I cannot create a general UDF annotation for any value (I tried it with the interface ValueHolder
: @param ValueHolder input
.
So to me it seems like the only way to support different types to have separate classes for each type. But I can't even abstract much and work on any @Param input
, because input
is only visible in the class where its defined (i.e. type specific).
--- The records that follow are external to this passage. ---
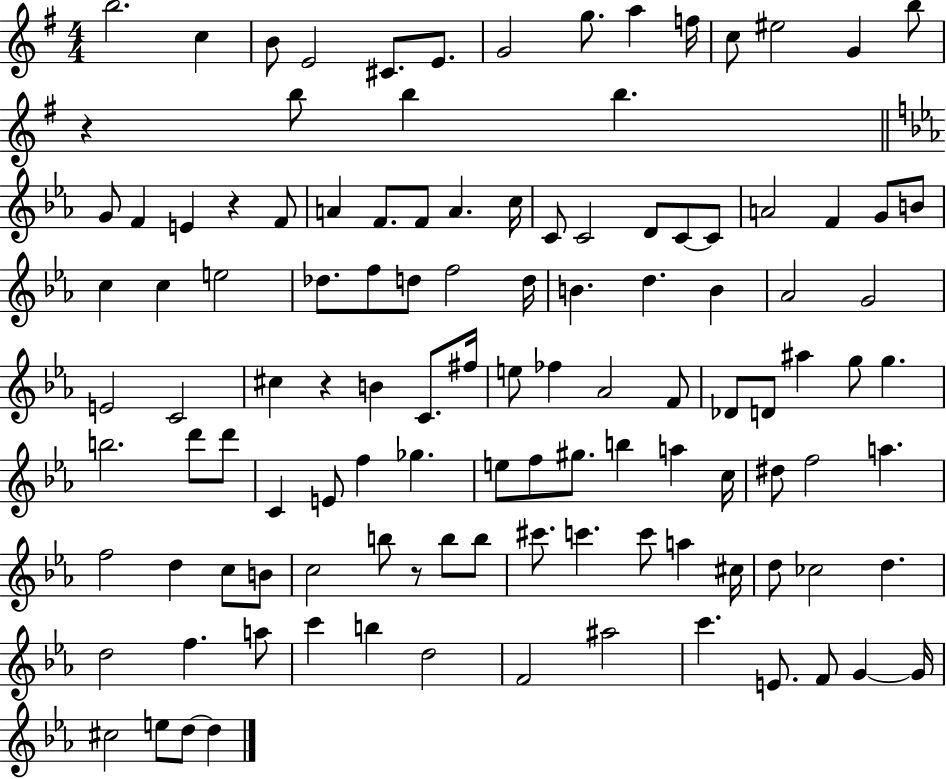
{
  \clef treble
  \numericTimeSignature
  \time 4/4
  \key g \major
  b''2. c''4 | b'8 e'2 cis'8. e'8. | g'2 g''8. a''4 f''16 | c''8 eis''2 g'4 b''8 | \break r4 b''8 b''4 b''4. | \bar "||" \break \key ees \major g'8 f'4 e'4 r4 f'8 | a'4 f'8. f'8 a'4. c''16 | c'8 c'2 d'8 c'8~~ c'8 | a'2 f'4 g'8 b'8 | \break c''4 c''4 e''2 | des''8. f''8 d''8 f''2 d''16 | b'4. d''4. b'4 | aes'2 g'2 | \break e'2 c'2 | cis''4 r4 b'4 c'8. fis''16 | e''8 fes''4 aes'2 f'8 | des'8 d'8 ais''4 g''8 g''4. | \break b''2. d'''8 d'''8 | c'4 e'8 f''4 ges''4. | e''8 f''8 gis''8. b''4 a''4 c''16 | dis''8 f''2 a''4. | \break f''2 d''4 c''8 b'8 | c''2 b''8 r8 b''8 b''8 | cis'''8. c'''4. c'''8 a''4 cis''16 | d''8 ces''2 d''4. | \break d''2 f''4. a''8 | c'''4 b''4 d''2 | f'2 ais''2 | c'''4. e'8. f'8 g'4~~ g'16 | \break cis''2 e''8 d''8~~ d''4 | \bar "|."
}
I based my implementation on https://issues.apache.org/jira/browse/DRILL-6963 and created the following two classes for required and optional varchars (how can this be unified in the first place?)
@FunctionTemplate(
name = "array_agg",
scope = FunctionScope.POINT_AGGREGATE,
nulls = NullHandling.INTERNAL
)
public static class VarChar_Agg implements DrillAggFunc {
@Param org.apache.drill.exec.expr.holders.VarCharHolder input;
@Workspace ObjectHolder agg;
@Output org.apache.drill.exec.vector.complex.writer.BaseWriter.ComplexWriter out;
@Override
public void setup() {
agg = new ObjectHolder();
}
@Override
public void reset() {
agg = new ObjectHolder();
}
@Override public void add() {
if (agg.obj == null) {
// Initialise list object for output
agg.obj = out.rootAsList();
}
org.apache.drill.exec.vector.complex.writer.BaseWriter.ListWriter listWriter =
(org.apache.drill.exec.vector.complex.writer.BaseWriter.ListWriter)agg.obj;
listWriter.varChar().write(input);
}
@Override
public void output() {
((org.apache.drill.exec.vector.complex.writer.BaseWriter.ListWriter)agg.obj).endList();
}
}
@FunctionTemplate(
name = "array_agg",
scope = FunctionScope.POINT_AGGREGATE,
nulls = NullHandling.INTERNAL
)
public static class NullableVarChar_Agg implements DrillAggFunc {
@Param NullableVarCharHolder input;
@Workspace ObjectHolder agg;
@Output org.apache.drill.exec.vector.complex.writer.BaseWriter.ComplexWriter out;
@Override
public void setup() {
agg = new ObjectHolder();
}
@Override
public void reset() {
agg = new ObjectHolder();
}
@Override public void add() {
if (agg.obj == null) {
// Initialise list object for output
agg.obj = out.rootAsList();
}
if (input.isSet != 1) {
return;
}
org.apache.drill.exec.vector.complex.writer.BaseWriter.ListWriter listWriter =
(org.apache.drill.exec.vector.complex.writer.BaseWriter.ListWriter)agg.obj;
org.apache.drill.exec.expr.holders.VarCharHolder outHolder = new org.apache.drill.exec.expr.holders.VarCharHolder();
outHolder.start = input.start;
outHolder.end = input.end;
outHolder.buffer = input.buffer;
listWriter.varChar().write(outHolder);
}
@Override
public void output() {
((org.apache.drill.exec.vector.complex.writer.BaseWriter.ListWriter)agg.obj).endList();
}
}
Interestingly, I can't import org.apache.drill.exec.vector.complex.writer.BaseWriter
to make the whole thing easier because then Apache Drill would not find it.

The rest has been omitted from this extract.